--- START ---

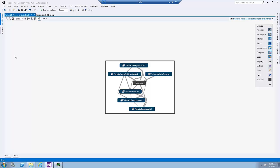You will also notice that the lines between the nodes have different thickness. The thickness of the lines represent the magnitude of relationship between the nodes. In other words, the thicker the line, the more relationships there is between two nodes.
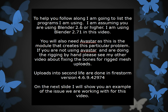To help you follow along, I am going to list the programs I am using. I am assuming that you are using Blender 2.6 or higher. I am using Blender 2.71 in this video. You will also need Avastar, as this is the module that is creating this particular problem. If you are not using Avastar and are doing the rigging by hand, please see my other videos about fixing bones for rigged mesh uploads. The uploads into Second Life are being done in Firestorm 4.6.9.42974.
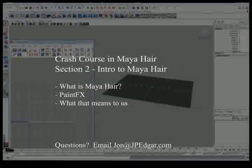Hello and thank you for watching. My name is John and you're watching the second video of Crash Course in Maya Hair, Introduction to Maya.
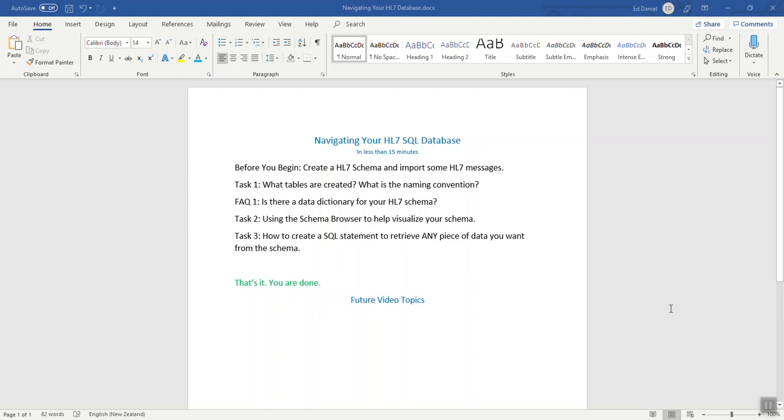This video is about how to navigate your HL7 SQL Schema database. It works with either the Ultraport HL7 SQL Schema Engine for HL7 or our HL7 Plus SQL Schema Engine. This assumes that you've already watched the first video on how to create an HL7 database in less than 15 minutes.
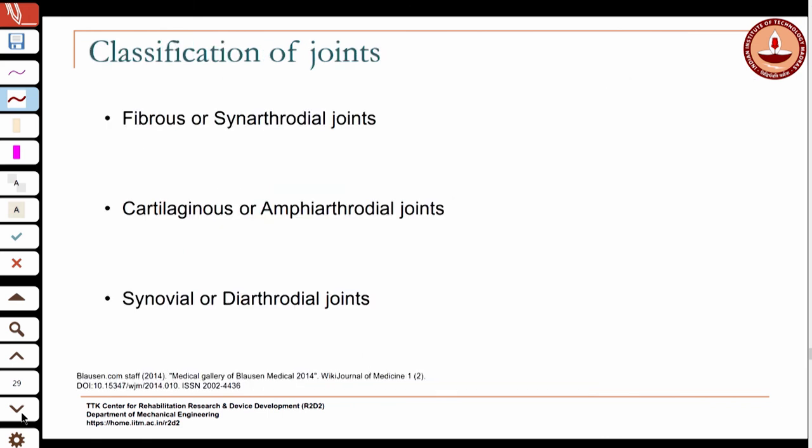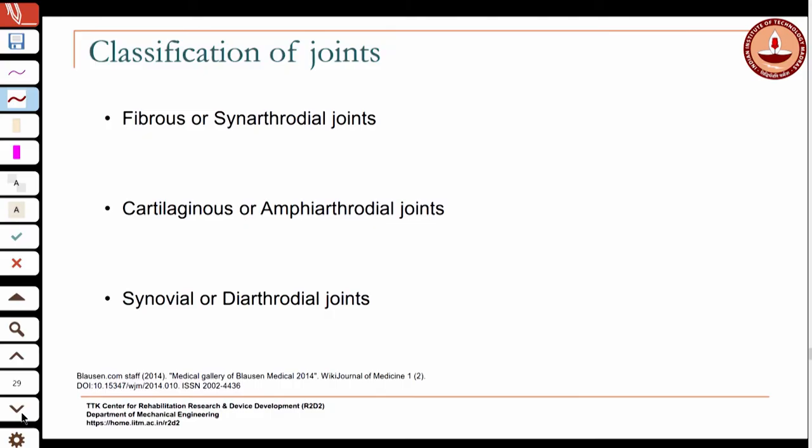Now that we have looked at how the bones are classified and the major bones in the body, we will look at how joints are classified. There are various types of classification possible. One is based on the structure of the joint; there are also classifications based on what kinds of movements are allowed at the joint — what we call the degrees of freedom. First we will look at classification based on the anatomical structure of the joint.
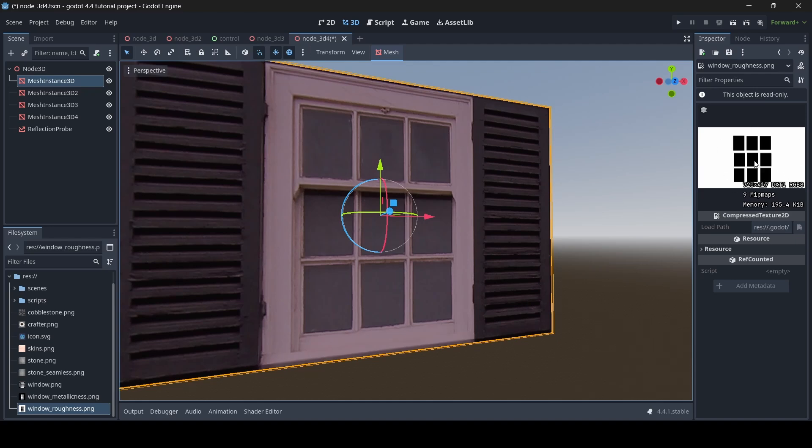The reason why I did that is because black indicates smoothness and white indicates roughness. So on your roughness texture, wherever you have more dark areas, that's going to indicate how smooth that part of the texture is going to be. But then the white basically means how rough it's going to be.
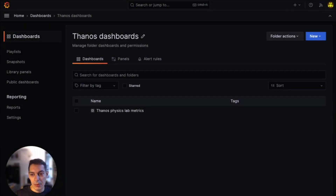Hey, let's talk about public dashboards, generally available in Grafana 10.2 on the 24th of October 2023. I'm Thanos and I'm a senior product manager on the dashboards team at Grafana Labs.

--- END ---

=== Requirement ===
Pictures are to be omitted. The lines from the line holding "Now that we" through the closing line of the data above are to be set down exactly, and nothing more.

=== Solution to the problem ===
Now that we have looked at how the bones are classified and the major bones in the body, we will look at how joints are classified. There are various types of classification possible. One is based on the structure of the joint; there are also classifications based on what kinds of movements are allowed at the joint — what we call the degrees of freedom. First we will look at classification based on the anatomical structure of the joint.
The reason why I did that is because black indicates smoothness and white indicates roughness. So on your roughness texture, wherever you have more dark areas, that's going to indicate how smooth that part of the texture is going to be. But then the white basically means how rough it's going to be.
Hey, let's talk about public dashboards, generally available in Grafana 10.2 on the 24th of October 2023. I'm Thanos and I'm a senior product manager on the dashboards team at Grafana Labs.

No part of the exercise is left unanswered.